▶ **BRIEF**: From the first line to the last, copy the listing exactly and omit the pictures.

▶ **RECORDED INFORMATION**:
====

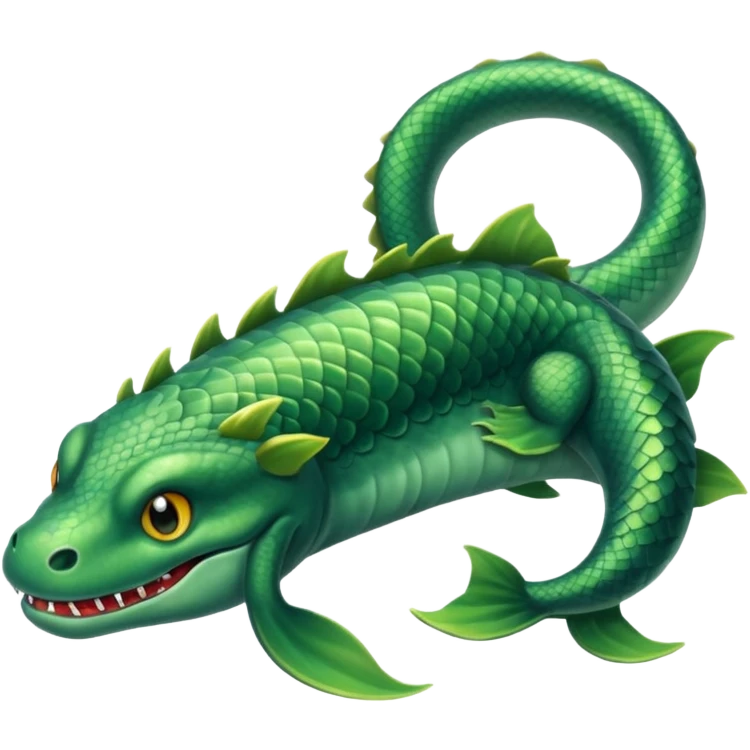 Lake monster  emoji
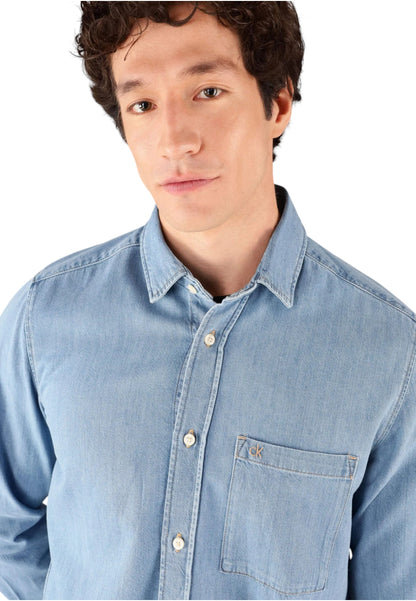 Camicia Manica lunga Uomo Calvin klein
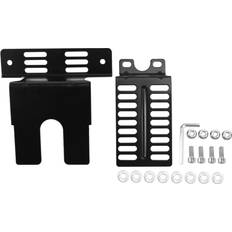 Rotisserie on sale Torribaly 2 PCS Stainless Steel Rotisserie Motor Bracket Set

====

▶ **WRITTEN SOLUTION**:
 Lake monster  emoji
 Camicia Manica lunga Uomo Calvin klein
 Rotisserie on sale Torribaly 2 PCS Stainless Steel Rotisserie Motor Bracket Set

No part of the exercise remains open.